After much political drama, the House of Representatives has finally passed the Budget Control Act of 2011, meant to stop the U.S. government from defaulting on its payments to U.S. government bondholders. This bill is bound to have many impacts, but for this particular post I will focus on Title V and its affects on graduate students, especially future social workers.
Title V consists of several parts:
$17 Billion to Save Pell Grants: According to a report released by the Congressional Budget Office (CBO), the Budget Control Act of 2011 will allocate $17 billion towards the Federal Pell Grant Program in the next 3 years. The Pell Grant Program provides financial aid to low-income undergraduate and certain graduate students who likely would not be able to afford college otherwise. Unlike loans, these grants do not need to be repaid.
Elimination of Federal Direct Stafford Loans for Graduate Students: Currently, college students with financial need are allowed to receive $8500 in subsidized loans a year.

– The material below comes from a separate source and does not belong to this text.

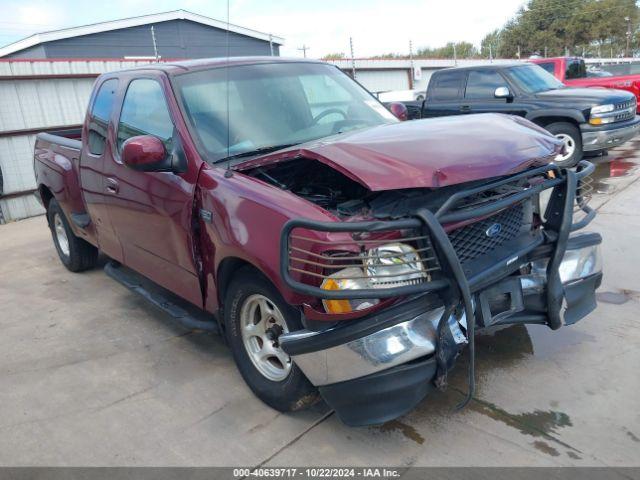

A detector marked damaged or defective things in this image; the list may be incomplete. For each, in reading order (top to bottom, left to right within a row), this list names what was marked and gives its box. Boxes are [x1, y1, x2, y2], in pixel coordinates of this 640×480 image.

dented hood [239, 113, 560, 190]
broken headlight assembly [320, 242, 430, 314]
damaged front end [276, 162, 600, 428]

These are loans where interest is paid for until 6 months after graduation. Starting July 12, 2012, graduate students will only qualify for Federal Direct Unsubsidized Loans, which accrue interest while students are still in school. According to the CBO report, this will save $18.1 billion in the next 10 years.
Elimination of Incentives for On-Time Loan Payments: Subsidized and unsubsidized loans have a 1% origination or activation fee. Currently, students only have to pay 0.5% - half the fee - which is refunded if they make 12 on time monthly loan payments. Under the new bill, this fee will no longer be refunded. According to the CBO, this will save $3.6 billion in the next decade.

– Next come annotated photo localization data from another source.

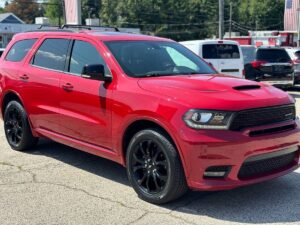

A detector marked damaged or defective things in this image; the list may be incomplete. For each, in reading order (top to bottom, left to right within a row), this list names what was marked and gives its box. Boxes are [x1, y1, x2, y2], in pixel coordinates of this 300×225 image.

cracked pavement [0, 90, 300, 225] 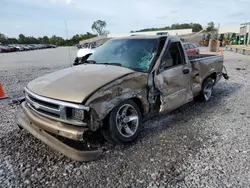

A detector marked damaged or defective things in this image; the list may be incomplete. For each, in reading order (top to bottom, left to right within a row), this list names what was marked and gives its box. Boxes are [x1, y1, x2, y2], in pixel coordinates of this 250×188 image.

smashed hood [27, 64, 135, 103]
damaged chevrolet s10 [17, 35, 229, 162] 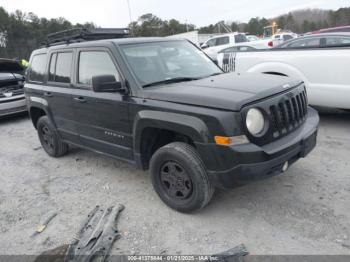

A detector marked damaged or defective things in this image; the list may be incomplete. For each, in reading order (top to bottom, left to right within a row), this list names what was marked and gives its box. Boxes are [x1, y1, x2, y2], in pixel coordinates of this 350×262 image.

damaged hood [142, 72, 300, 111] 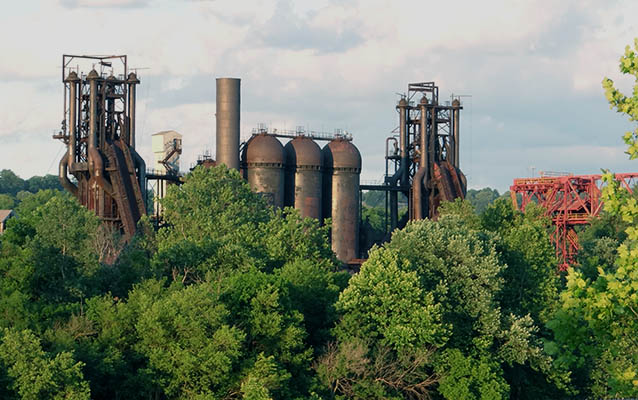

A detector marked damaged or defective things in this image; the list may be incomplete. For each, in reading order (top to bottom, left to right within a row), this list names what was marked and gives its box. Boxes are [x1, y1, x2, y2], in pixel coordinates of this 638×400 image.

rusted blast furnace [53, 54, 148, 239]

As a social worker, I find myself asking many questions. Is saving the Federal Pell Grant Program worth the financial hardship that will inevitably be faced by numerous graduate students as a result of higher loan payments? How will this affect the social work profession in the long run? Considering that an MSW's salary is much lower when compared to other professions with the same training/education level, will increased loan payments cause those interested in social work to pursue careers in more lucrative fields?
Seems like there might be some hard times ahead for students. The amount of barriers students face these days make me thankful that I was able to finish school when I did. My thoughts are with those who will be seriously impacted by this new budget bill.